Die Inselregierung forderte umgehend Unterstützung von Forstbrigaden und dem Militär an. Daraufhin teilten sich zwei konkurrierende Reedereien ihre Fahrgäste so auf, dass eine Fähre ausschließlich Helfer und Material nach La Palma transportieren konnte.

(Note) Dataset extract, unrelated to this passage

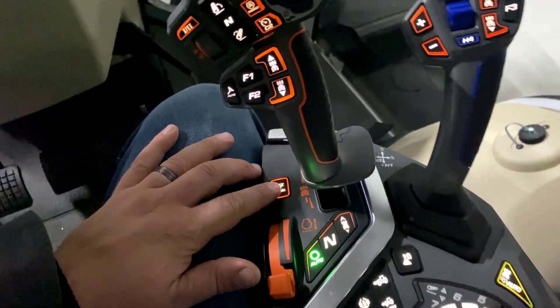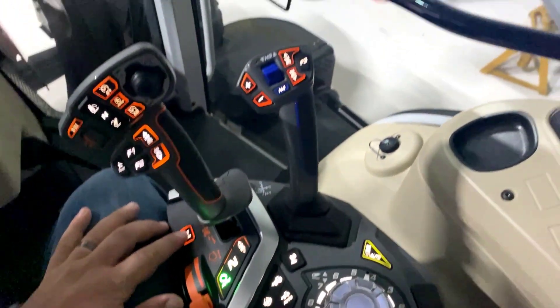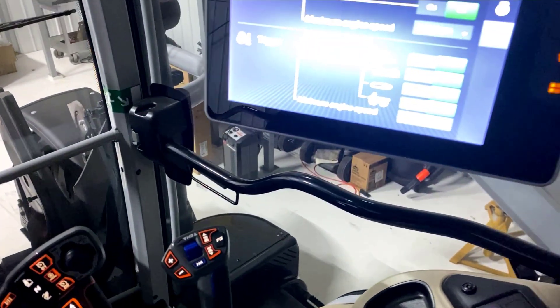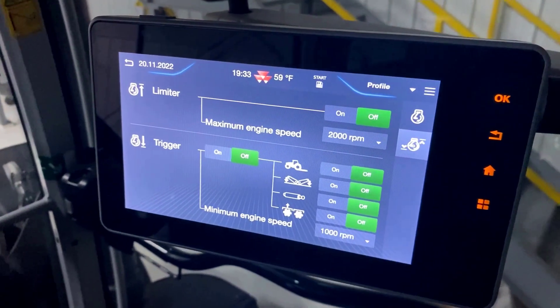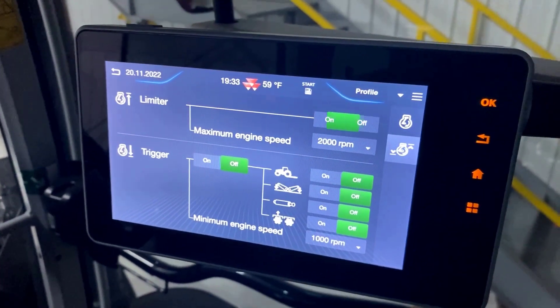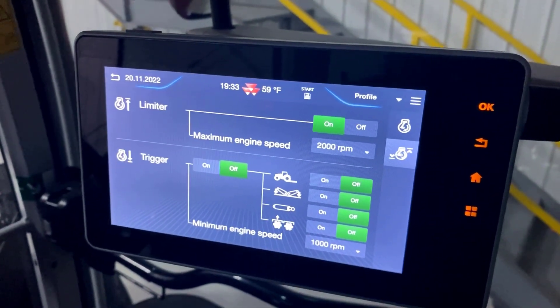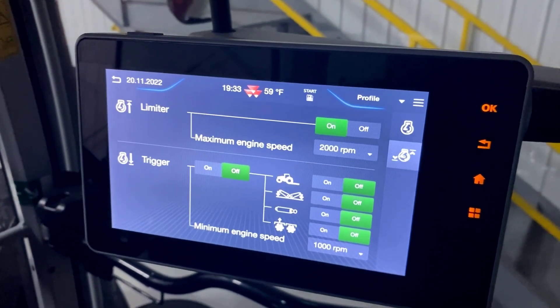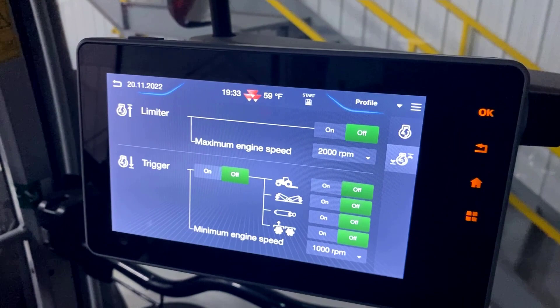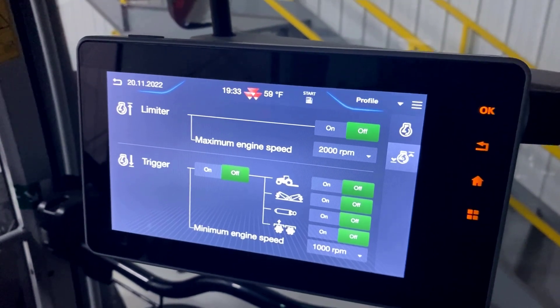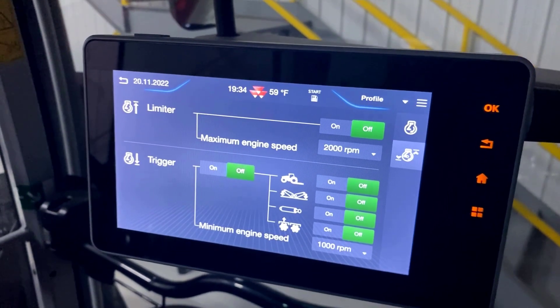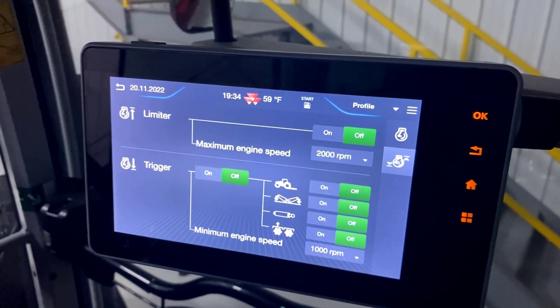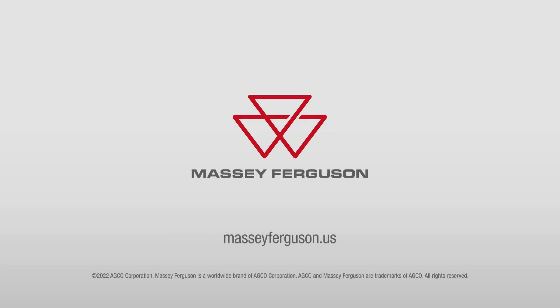In the Datatronic 5, when you hit that button, you can turn it on and then turn it off all from a touch of a button on the armrest. Let's go ahead and watch it.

Sturm facht Waldbrand auf La Palma zusätzlich an

Inselpräsident Pedro Sánchez sprach den Anwohnern Mut zu und erklärte, dass die Regierung helfen würde. Sein akuter Dank galt zunächst den Helfern, wie Sánchez auf Twitter schrieb: „Meine ganze Unterstützung gilt dem Rettungspersonal, das für diesen Waldbrand aktiviert wurde, und den Freiwilligen, die in einer schwierigen Nacht auf La Palma helfen.“

Die Kanarischen Inseln waren am Donnerstag von starken Winden heimgesucht worden. Sturmböen mit Geschwindigkeiten von bis zu 70 Kilometern pro Stunde hatten La Palma eine Wetterwarnung der Stufe Gelb beschert. Die Winde hatten die Flammen zunächst stark angefacht. In der Nacht zu Freitag änderte sich das Wetter schließlich. Der Wind flaute ab und Regenfälle halfen dabei, das Feuer unter Kontrolle zu bringen.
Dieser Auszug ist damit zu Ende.